Esta necessidade em manter a obra escorada nas entrelinhas nem sempre é 100% assertiva, importante frisar. Apesar de suas páginas funcionarem muito mais como leitura rápida e entretida em chocar com o grafismo da violência e plot twists que buscam criar vínculos entre contos, é possível chegar às interpretações de uma análise mais profunda. A grande questão é como o livro tem certa dificuldade em chegar a isto.

Resenha de Branca dos Mortos e os Sete Zumbis

O autor, Fabio Yabu.

Erros na simplicidade, falta de coragem na complexidade

Todas estas camadas que comentei até aqui provém de duas coisas: o hábito de ler continuamente diversos livros – e por consequência ser um chato exigente – e o interesse em conhecer a fundo sobre exatamente o que estou lendo. Parte disto sempre foi meu, porém parte disto é exigência da escrita para entregar algo com o mínimo de qualidade para vocês aqui. O livro de Fabio Yabu me significa algo porque o tornei extrinsecamente importante na pesquisa da criação da crítica, seja ela algo que se guarde para si, ou algo que precise ser exteriorizado. E este hábito não é usual para leitores mais esporádicos.

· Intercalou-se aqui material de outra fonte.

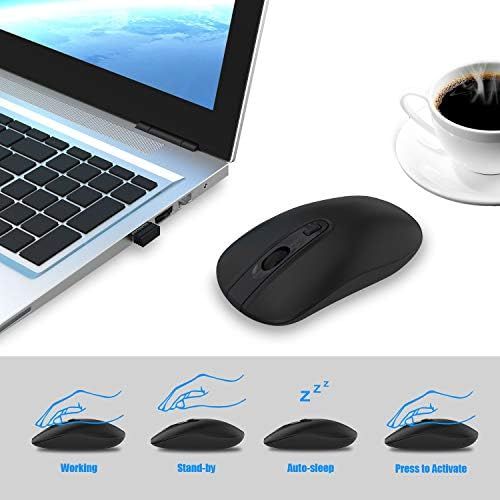  [아마존베스트]Wireless Keyboard Mouse Combo, Cimetech Compact Full Size Wireless Keyboard and Mouse Set 2.4G Ultra-Thin Sleek Design for Windows, Computer, Desktop, PC, Notebook - (Black)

Não que a obra não possa ser lida de maneira ligeira e supérflua e ainda assim ser agradável. O livro se permite veementemente a isso: o raso. Isto não seria necessariamente errado, se fosse a proposta inicial. Este sentimento é reforçado com a escrita simples, sem narrativa rebuscada ou prepotente que funciona mais para reforçar o didatismo vago. Fábio Yabu se subestima ao relegar seus escritos apenas a um pilar, ou seja, a ode ao horror sem profundidade. E, honestamente, livro está longe de ser apenas uma representação deste filão, porém, deixa detalhes importantes de si mesmo rebaixados a segundo escalão.

Assim, é lamentável que Branca dos Mortos e os Sete Zumbis seja carente de um pouco mais de conversação profunda com o leitor. Nem todos sabem da assexualidade endêmica de H.P. Lovecraft e, portanto, a informação que seria de auxílio a uma melhor percepção fica restrita a um grupo menor sobre qualquer tipo de segredos que o conto Bela Incorrupta poderia ter ao misturar um conto de fadas a Re-animator. Ou fica mais difícil entender a ironia de ter no livro Hans Christian Andersen, um dinamarquês, dividindo as páginas com dois irmãos que sonhavam uma Alemanha unida como país quanto os próprios dinamarqueses estavam entremeados naquela segregação. Ou ainda: o deboche ao Inserir Charon, o barqueiro que levava as pessoas mortas na mitologia grega, sentindo falta dos humanos num planeta Terra extinto e suas complexidades, mas que ao fim observa uma casa, a única coisa que restara de pé, feita por um porco.

A partir disso, é possível compreender como uma escrita pode subjugar-se através da narrativa feita à incautos. Isto pesa tanto que, em determinado momento, as nuances ficam insignificantes e a satisfação vem muito mais através da hipérbole do gore e dos clímaces violentos ou tenebrosos. Estes que, aliás, funcionam perfeitamente.

Isto posto, Branca dos Mortos e os Sete Zumbis e outros contos macabros tem muito potencial, mas se perde na covardia ao negar a própria complexidade e desagradar leitores pouco habituais, buscando ser simplesmente consumível onde não precisa e complexamente incrível onde poucos veem. Há uma pegada comercial interessante no apelo de misturar tantos bons elementos aos contos de fada, o horror é interessante apesar de quase sempre previsível e as subversões têm peso. Consegue ser uma obra que agrada opostos ainda que, infelizmente, se relegue a um papel narrativo menor e nunca saia das suas páginas mesmo com tanto a dizer.